Nature is a beautiful, chaotic paradox: it can seem to be a sprawling, tangled mess at the same time that it appears incredibly ordered. We are subject to its laws, and we humans follow the same exact cycle as everything else: birth, life, and death. And of course we are social creatures who react to these events in a wide variety of ways through cultural and emotional channels. Artist Kyle Kogut pursues the chaotic, confusing and often beautiful aspects of being in the world, exploring relationships and conflicts between nature and his own experiences. He writes:
My work is rooted in the actuality of nature, while allowing my own perception to skew, warp, and manipulate it in an attempt to connect these natural, physical and metaphysical realms.
Kogut culls memories, personal symbols and philosophies from his own experience and incorporates them into works that often reference mythology and art historical sources. Stylized natural elements like flowers or potted plants provide backgrounds that become almost patterned, and symbolic in their placement. 'Seizer,' one of my favorite works, appears menacing and yet strangely reassuring, as I'm reminded upon closer examination that death is but a part of nature and in due course all will return to the ground. 'View from My Own Casket' is a powerful meditation on the dark fantasy of attending one's own funeral, or worse, being buried alive, and yet it is surprisingly, abstractly charming: gentle ferns sprout from the edges and the colors are light and it feels airy. Perhaps after all, death does not mean darkness but a different kind of lightness.

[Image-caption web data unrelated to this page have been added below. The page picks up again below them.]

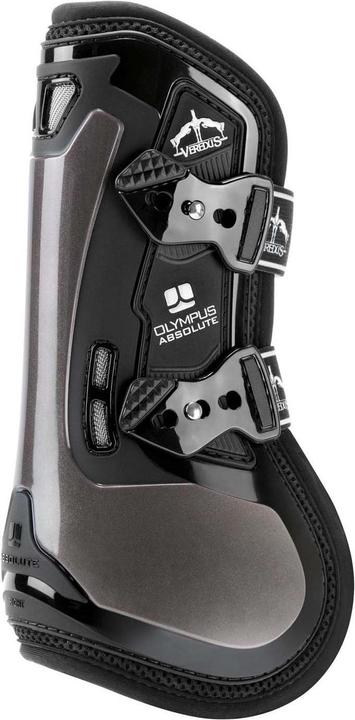 Produktbild Veredus Gamaschen Olympus Absolute Front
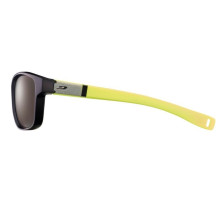 Окуляри спортивні Julbo 504 20 22 Paddle NOIR /JAUNE SP3
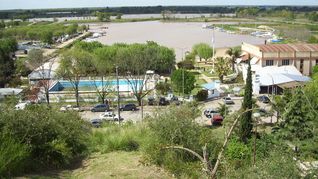 San Pedro ofrece una experiencia que une turismo, tradición y naturaleza a solo dos horas de Buenos Aires, con propuestas para todos los gustos.
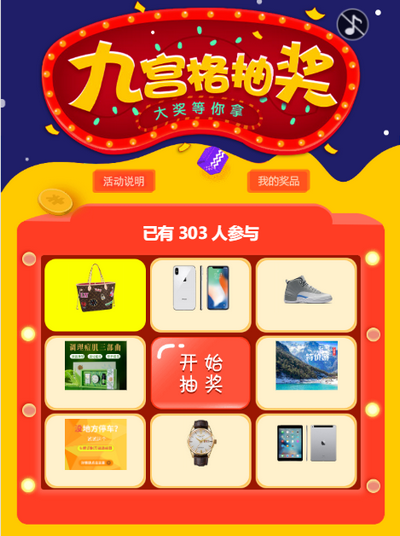 php˳齱ϵͳԴ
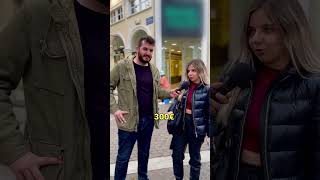 Πόσα Χρήματα δίνεις για Κινητό;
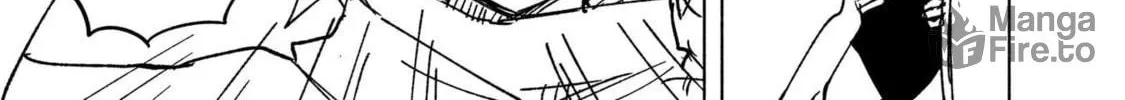 A Ninja and an Assassin Under One Roof Chapter 33.5 page 6 - 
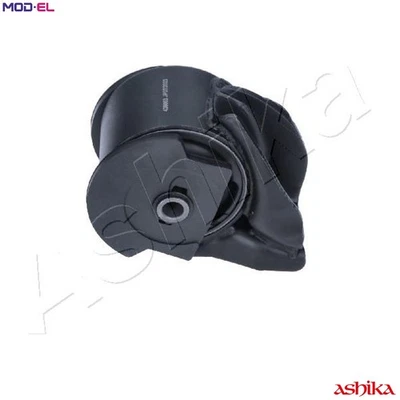 MOUNTING ENGINE GOM-405 FOR HONDA CIVIC/Hatchback/MK/Aerodeck/Mk/Fastback 1.4L - Image 1 of 4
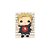 FUNKO POP! STRANGER THINGS: 001 (VAPORIZING) 1559 - Imagem 2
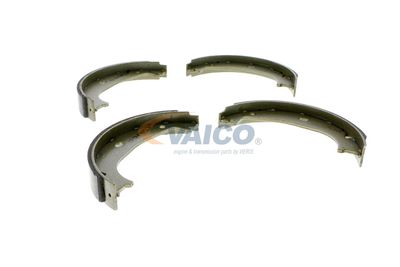 BREMSBACKENSATZ VAICO V200078 57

The artist's ability to meet and show us the face of death head on, as it were, allows him (and us) to confront mortality sincerely. His work has examined the concept of life and death as a part of nature's process, and he has more recently begun to move in a direction that focuses more clearly on death and its significance in his own life as well as historically, philosophically, and culturally:
Prompted by a death of a family member, my recent works have served as a platform to scrutinize my own mortality and reflect on how different societies ritualize death. Connecting the subject matter of fleeting life and inevitable death, the result is a natural interplay of these cyclical themes.
By experimenting and layering the wide variety of materials, often including different kinds of paint, pencils and washes, he lets the drawings and paintings progress naturally. He calls the process of layering 'mark-making,' which brings to mind primitive forms of language or ceremony, or prehistoric cave drawings in which the artists responded to what they observed in the world around them--very much as he does now. He taps into his background in printmaking, which comes through in the compositions' clarity and frankness.
Kyle Kogut is currently based in Philadelphia, PA where he earned his BFA from the Tyler School of Art, and in the fall of this year he will be commencing the MFA program at the Mount Royal School of Art at Maryland Institute College of Art.